子ども関連予算倍増 “早く議論を” 子育て支援団体などが政府に要請
子育て支援団体などが、政府に、子ども関連予算倍増の議論を早く進めてほしいと訴えました。
小倉少子化担当大臣に要請を行ったのは、子どもの貧困にとりくむ公益財団法人「あすのば」や子育て支援など、あわせて4団体の代表らで、生まれる子ども数が減るなど「静かなる有事」を乗り越えるため、困難の中にいる親子や妊産婦への支援の拡充こそが最優先の課題だと訴えました。
政府は、「子ども関連予算の倍増」を打ち出したものの、議論を先送りし、来年6月頃にまとめるいわゆる「骨太の方針」で「道筋を示す」としています。
防衛費に比べ、子ども関連の議論が遅れる中、きょうの要請では強い危機感が示され、「子ども関連予算を年明けから議論し、『骨太の方針』には財源の規模と予算倍増の時期を書き込むよう」求めました。
また、保育園での虐待の報告が相次ぐ中、人員配置の改善なども訴えました。
子ども・子育て関連の予算をみてみると、文部科学省予算を除いて、来年4月に発足する子ども家庭庁の予算は概算要求段階で、約4兆7500億円で、大幅な増額がなかなか進みません。
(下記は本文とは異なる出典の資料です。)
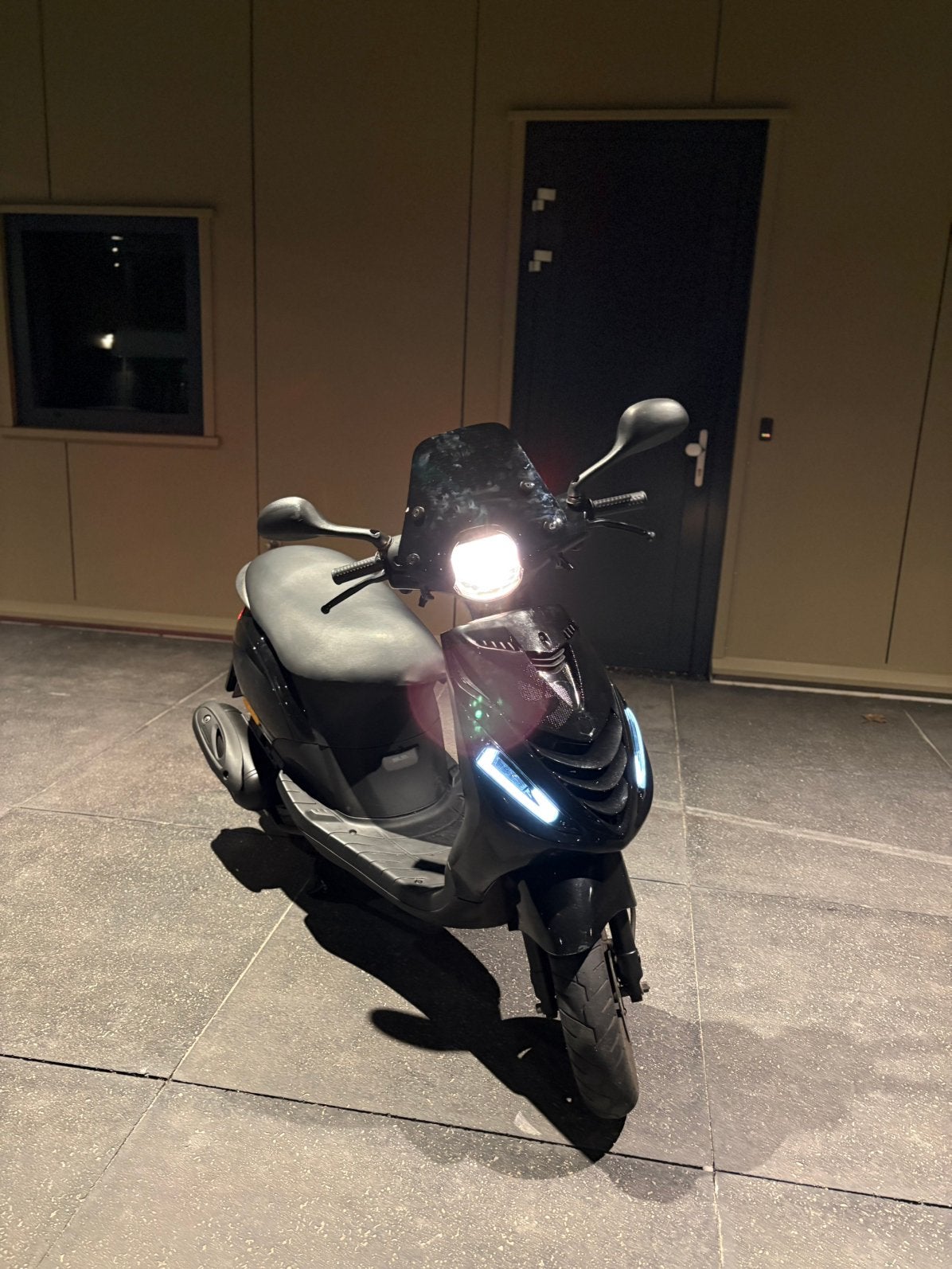 Piaggio zip 4 takt, Fietsen en Brommers, Scooters | Piaggio, Ophalen of Verzenden, Zo goed als nieuw, Benzine, Zip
一方、政府は、防衛費については増額の議論を進め、来年度からの5年間で43兆円にすることを決定。
単純計算すると毎年度8兆円を超えます。
そして、この実現には、毎年度4兆円が追加で必要だとして、2024年度以降の適切な時期に増税することになりました。
21日に小倉大臣への要請を行った団体によりますと、小倉大臣は「子ども関連予算の議論は先送りにしたわけではない」と述べ、「子ども・子育て支援の具体策が多岐にわたり、必要な額がかなり大きいことから、単に倍増というだけが先走り過ぎることのないように、個別の政策を積み上げて、実現していく確かな議論が必要だ」と述べたということです。
日本大学教授で公益財団法人「あすのば」理事の末富芳教授は、「『ご飯をおなかいっぱい食べられる権利が欲しい』というのが最近出会った小学生の言葉で、そのような子がいなくなるよう、どの子も幸せになるように、こども関連予算の財源をしっかりお願いしたいと大臣にお伝えした」と述べました。
また、「子どもと家族のための緊急提言プロジェクト」の榊原智子さんは、「大学で教えていると、若い世代が、家族を作ることに希望をもてていないと感じる。若者には、あなたが家族を持とうとした場合に『出産や子育てを社会を挙げて応援する』という本気が伝わるよう、財源確保とともに、政策を変えて下さいと要請した」と述べました。